L’albero genealogico del mio olandese
dicembre 2, 2013
Mood: gratificato
Reading: Reif Larsen, Le mappe dei miei sogni
Listening to: Blues Jam in Chicago – I Can’t Hold Out [il blues mi ha ormai rapita, ciao]
Watching: Shame di Steve McQueen
Eating: biscotti al burro
Drinking: te
A un’analisi generica e poco approfondita, l’apprendimento di una nuova lingua sembra contenersi in una memorizzazione granitica di vocaboli, costrutti sintattici, regole grammaticali e principi di pronuncia, una somma monumentale di elementi in effetti la cui incombenza soltanto potrebbe giustificare l’incuria di un altro aspetto nodale relativo all’apprendimento di una nuova lingua, laddove questa venga appresa in uno Stato che l’abbia come sua ufficiale, andandoci a vivere a un certo punto, e per strada piuttosto che sui libri: ovvero che, l’acquisizione di vocaboli, costrutti sintattici, regole grammaticali e principi di pronuncia segue il solco della necessità, vale a dire colui che si sperimenta in una nuova lingua impara dando di volta in volta precedenza a quello di cui ha bisogno nella vita di tutti i giorni e in merito al quale avverte urgenza di espressione perché conta tanto, molto più in un contesto tutto nuovo, la possibilità di raccontarsi. La qual cosa significa che si potrebbe guardare ai personali e diversi processi di apprendimento di una nuova lingua per dedurre dove e come colui che si sperimenta nella specifica nuova lingua in questione stia andando.

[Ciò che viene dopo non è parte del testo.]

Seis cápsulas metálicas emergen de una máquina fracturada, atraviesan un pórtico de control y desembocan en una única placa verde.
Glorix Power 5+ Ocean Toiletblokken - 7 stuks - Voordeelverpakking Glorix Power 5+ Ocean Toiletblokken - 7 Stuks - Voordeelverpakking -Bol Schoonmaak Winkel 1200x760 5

Ho considerato allora la possibilità di utilizzare l’albero genealogico del mio olandese – di cui, mentre lo conosco, tengo traccia su foglietti sparpagliati insieme a lunghe liste di ordinazioni, cose da fare, promemoria e pensieri – come punto di introduzione a un’informazione su quello che mi succede dentro.

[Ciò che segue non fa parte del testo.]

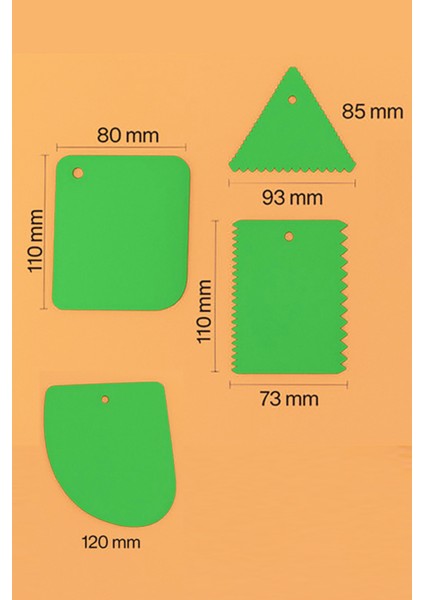 4'lü Set Hamur Kesme ve Şekillendirme & Pasta Şekil Verme Aparatı - Yeşli fiyatları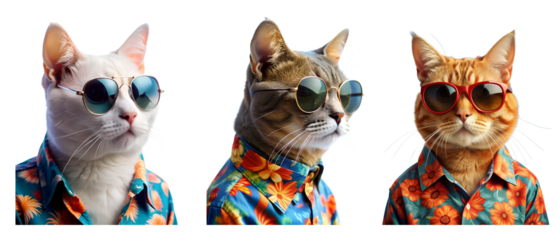 Set of cool cat wearing sunglasses and Hawaiian shirt with floral pattern cut out isolated on transparent background. Ideal for fun, quirky and summery designs. The cat on vacation to Las Vegas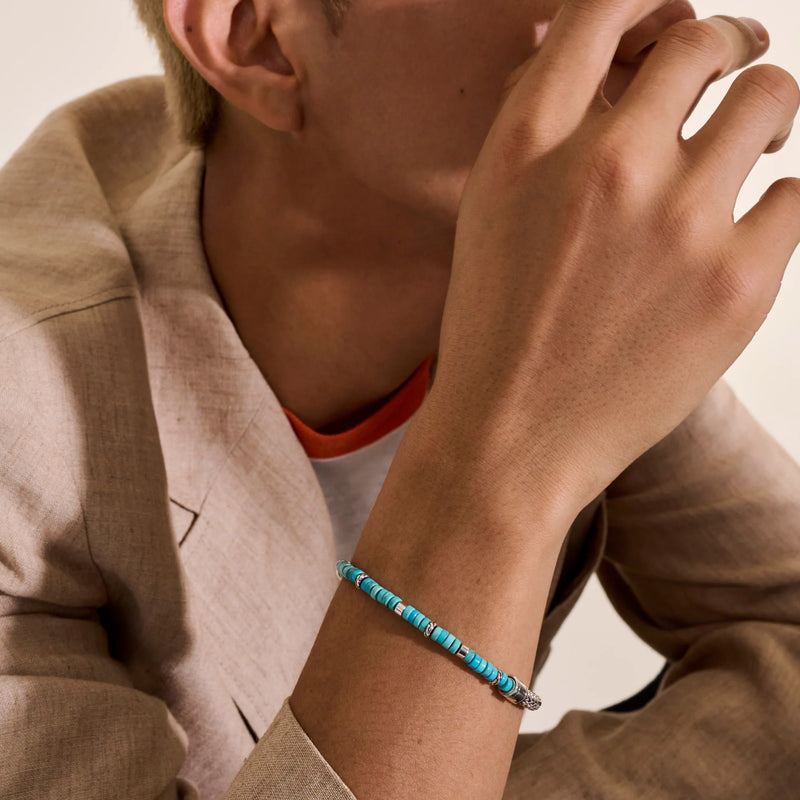 Sterling Silver Turquoise Chain Bracelet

Ho rilevato che tra le prime asserzioni, accanto a vocaboli come tot ziens (ci vediamo), dank u veel (grazie), alstublieft (prego), mooi (bello), bierje (birretta), artisjokken (carciofi), ansjovis (acciughe), emerge
Ik ben niet kwijt. Ik ben een zwerver.
(Io non sono persa. Io sono una vagabonda.)
trovata un giorno nel capitello di un libro su una panchina in stazione a Rijswijk.
Tra le ultime – wat willen jullie drinken? (cosa volete bere?), mag ik de rekening? (posso avere il conto?), gezellig (intraducibile se non con un concetto a metà tra fico e accogliente), het spijt me (mi dispiace), opdonderen nu (vaffanculo) – si distingue, invece
Ik ben zoek naar mij.
(Io mi sto cercando.)
indotta da una serie illimitata di tentativi telefonici per rintracciare qualcun altro, Goedemiddag. Met Dorotea. Ik ben zoek naar Tizio. (Buon pomeriggio. Sono Dorotea. Sto cercando Tizio.)
Nel mezzo:
Een man op de maan.
(Un uomo sulla luna.)
e
Ik will graag […]
(Io vorrei […])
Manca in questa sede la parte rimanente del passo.